How not to tile a shower...

If anyone's looking for a good tile forum, try John Bridge

There's a ton of great threads over there. 

There's likely more ways to lay tile than any other building material.  But you never, ever lay it straight onto wood without at least some sort of stabilizing and waterproofing material.  Wood moves too much and tile does not, so just a moisture barrier like RedGuard is NOT enough.  Likewise, tile and mortar are not 100% waterproof.  They're pretty good at resisting water going through them, but they're porous enough, and there's enough potential for cracks in grout, so make for some really ugly problems if you don't properly manage moisture.
 
wkearney99 said:
If anyone's looking for a good tile forum, try John Bridge

There's a ton of great threads over there. 

There's likely more ways to lay tile than any other building material.  But you never, ever lay it straight onto wood without at least some sort of stabilizing and waterproofing material.  Wood moves too much and tile does not, so just a moisture barrier like RedGuard is NOT enough.  Likewise, tile and mortar are not 100% waterproof.  They're pretty good at resisting water going through them, but they're porous enough, and there's enough potential for cracks in grout, so make for some really ugly problems if you don't properly manage moisture.

Not knowing much about the subject I have to ask, are the various cement boards waterproof?
 
Michael Kellough said:
Not knowing much about the subject I have to ask, are the various cement boards waterproof?

They are waterproof in the sense that water will not harm/deteriorate them, but NOT waterproof in the sense that they do not provide any barrier to moisture moving through to the wood, just like any other masonry/concrete/stone/grout. 
 
live4ever said:
Michael Kellough said:
Not knowing much about the subject I have to ask, are the various cement boards waterproof?

They are waterproof in the sense that water will not harm/deteriorate them, but NOT waterproof in the sense that they do not provide any barrier to moisture moving through to the wood, just like any other masonry/concrete/stone/grout.

So, do cement boards need to be installed over a waterproof membrane when attached to wood?
 
Michael Kellough said:
live4ever said:
Michael Kellough said:
Not knowing much about the subject I have to ask, are the various cement boards waterproof?

They are waterproof in the sense that water will not harm/deteriorate them, but NOT waterproof in the sense that they do not provide any barrier to moisture moving through to the wood, just like any other masonry/concrete/stone/grout.

So, do cement boards need to be installed over a waterproof membrane when attached to wood?

I am no expert in what building inspectors would want as a minimum from location to location, but common best practice nowadays is to attach the cement board to the framing, and then apply the waterproofing membrane over the cement board (e.g. RedGuard or Kerdi or others).  Then tile over the membrane.  So the waterproof barrier is right behind the tile...the cement board never sees the moisture as long as the membrane is installed correctly.  The moisture that gets to the membrane via the tile/grout has a return path to dry right where it came from. 

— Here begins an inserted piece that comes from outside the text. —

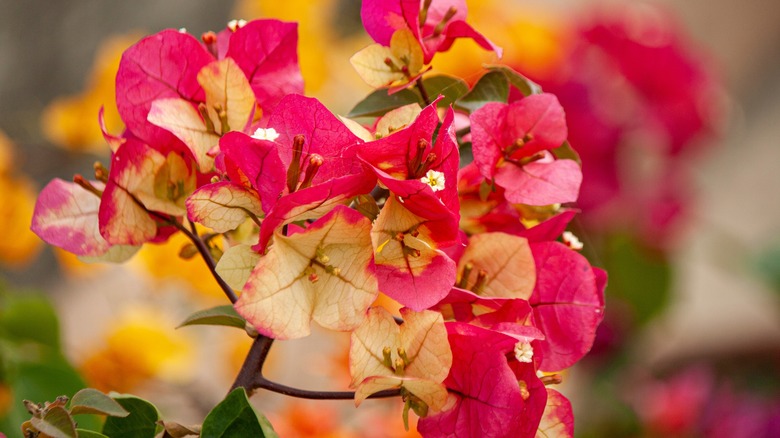 Bougainvillea flowers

A cheaper, slightly older but common practice (and flawed) is to place a moisture barrier (e.g. poly) between the cement board and the wood.  The flaw is twofold.  (1) The screws that attach the cement board to the wood framing are going to puncture the membrane and allow a path for moisture into the wood.  (2) Moisture that gets through the tile/grout and then through the cement board will collect at the poly - it won't be able to dry out as easily and collected water is a bad thing even if the cement board itself isn't harmed.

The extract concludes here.